* _Available data_:
____

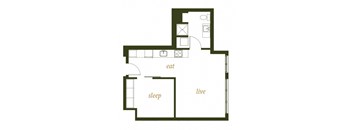 230 Ash Apartments One Bed F1 Floor Plan
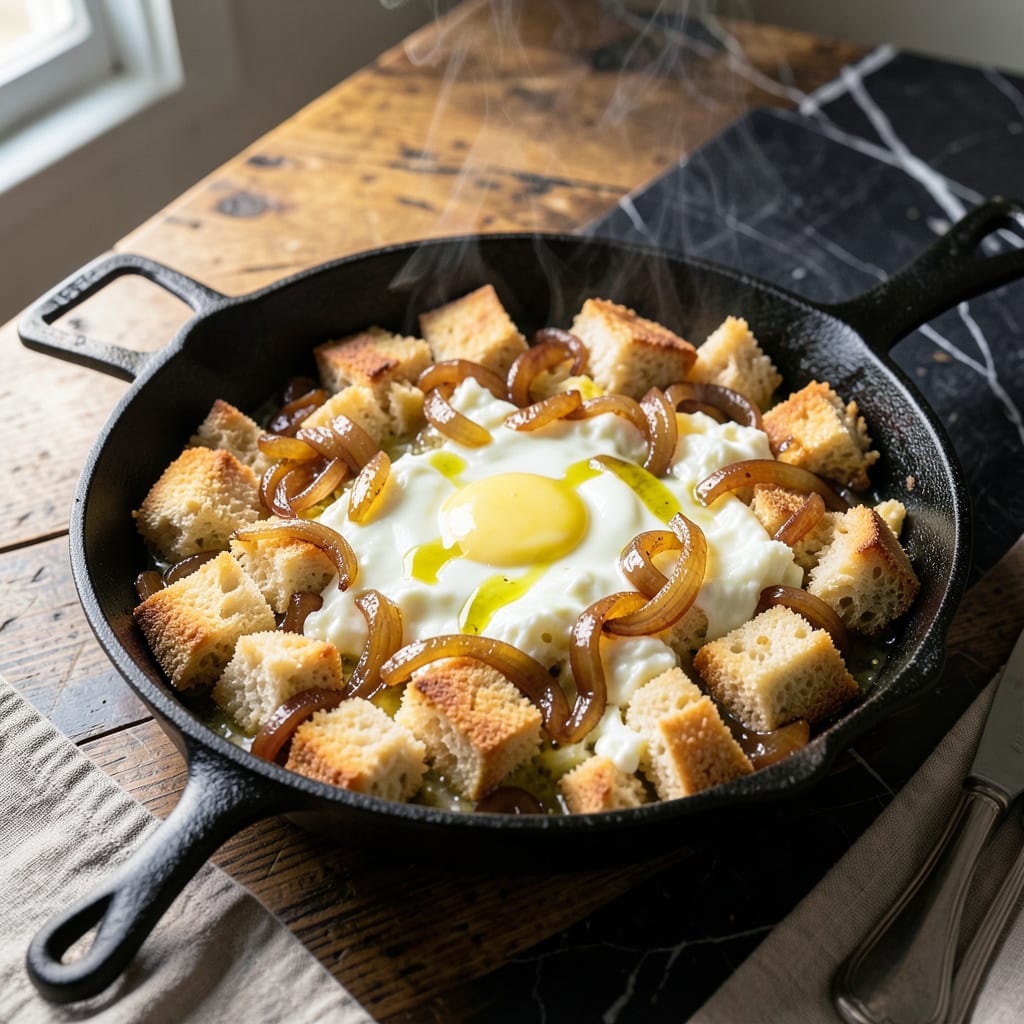 Visual representation of recipe for matzo brei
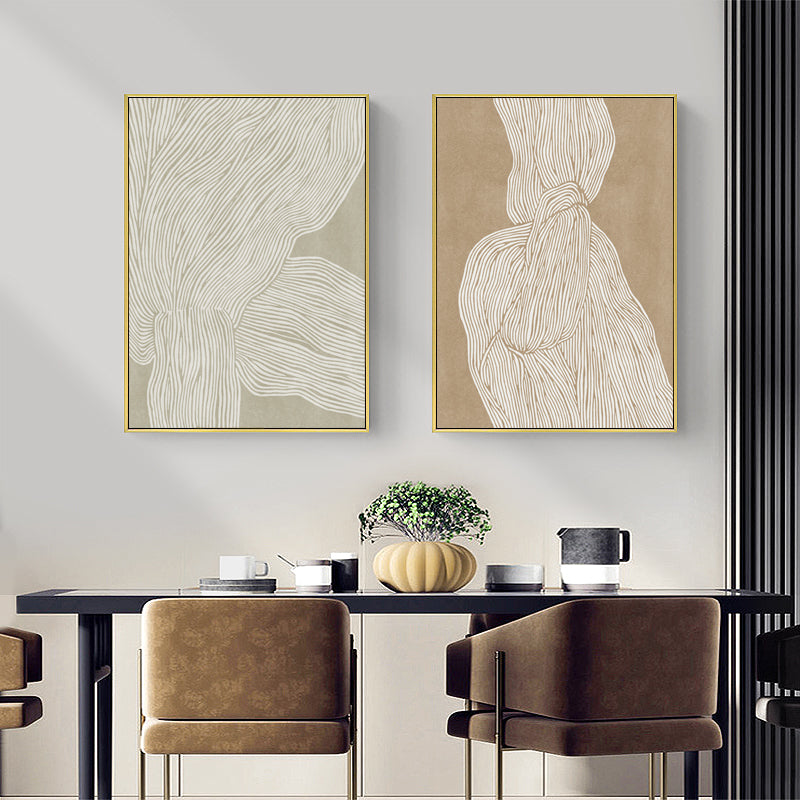 40cm x 60cm Abstract Line 2 Sets Gold Frame Canvas Wall Art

____

* _Task details_:
Return the full listing exactly as written, without any of its images.

* _Exercise output_:
 230 Ash Apartments One Bed F1 Floor Plan
 Visual representation of recipe for matzo brei
 40cm x 60cm Abstract Line 2 Sets Gold Frame Canvas Wall Art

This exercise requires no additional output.